Приличен; но плох, неубедителен и слаб Чириков в своих романах, особенно в последнем – «Изгнание». Герой не внушает ни сочувствия, ни интереса, в лучшем случае кажется банальным зверенышем, до примитивных инстинктов которого нам очень мало дела.
Заметки о литературе в «Вестнике Европы» пишет г. Адрианов. Он судит о современной беллетристике, многое бранит, многое хвалит. К сожалению, он, с изумляющей неуклонностью, хвалит то, что следует бранить, а бранит то, что надо хвалить. Судьба ли это, черт ли смеется над г. Адриановым – неизвестно. Примеров слишком много – столько, сколько статей; обременительно было бы и приводить примеры. Читатель сам знает что это так.
Впрочем, статьи г. Адрианова вполне умеренны, вполне приличны, а, следовательно, и уместны на страницах «Вестника Европы».

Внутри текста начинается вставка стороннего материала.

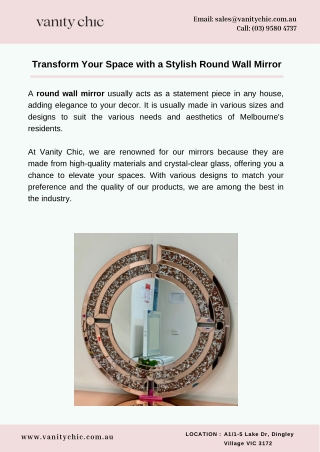 Transform Your Space with a Stylish Round Wall Mirror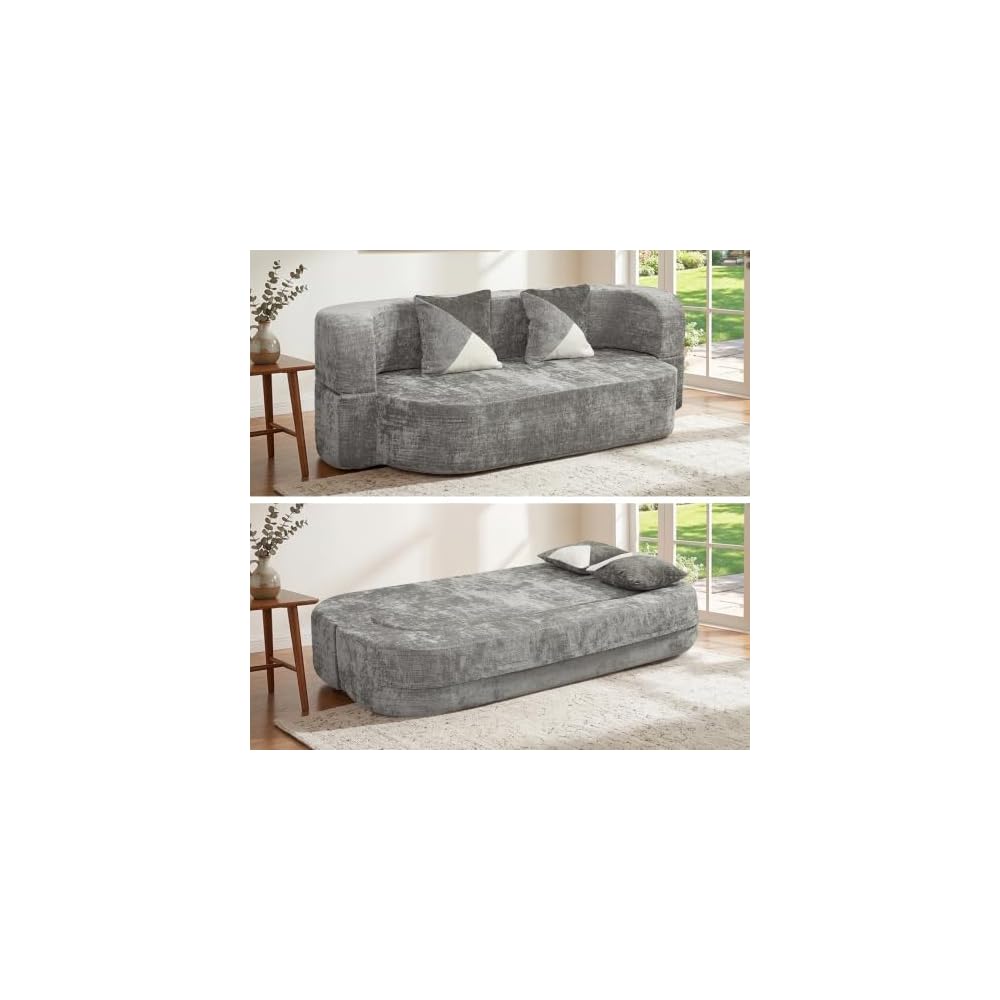 KIVENJAJA 79" Boneless Couch Bed, Convertible Sofa Sleeper, Grey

О «Современном Мире» скажу кратко. Он, хотя и не изменил своей исконной физиономии, но чувствуется там какое-то окисление, усталость. Вялая полемика, роман Потапенки в виде произведения искусства… Посмотрим, что будет дальше. «Современный Мир», как мне кажется, оступился немного благодаря усиленной деятельности г. Львова-Рогачевского, который природно живет и мечется в собственном… не кольце, а колечке, и пытается втиснуть в это колечко опекаемый журнал. Добра не выйдет, если затея удастся.
Надо сказать правду, что самый верный, самый стойкий, самый твердый и прекрасно-неподвижный у нас журнал – «Русское Богатство». Я без малейшей иронии говорю: прекрасно-неподвижный. Есть подлинная красота в такой неподвижности, верность всегда прекрасна.
Это «Русскому Богатству» следовало бы называться «Заветами», а вовсе не «Заветам» – журналу, который считается юным братом «Русского Богатства», но… брат ли? Разве троюродный какой-нибудь.
Верность идеалистическая; пусть условная, «честность», окрылявшая отцов наших, забытая детьми ради соблазнов эстетики; крепость единого знамени – все это ценности объективные, неизменные, непропадаемые. От них отойдут – к ним, так или иначе, вернутся. Их одних мало для жизни; и за то, что «Русское Богатство» других не ищет, я его жалею; но за то, что эти не полные, но положительные, оно охранило и несет верно, – я его уважаю.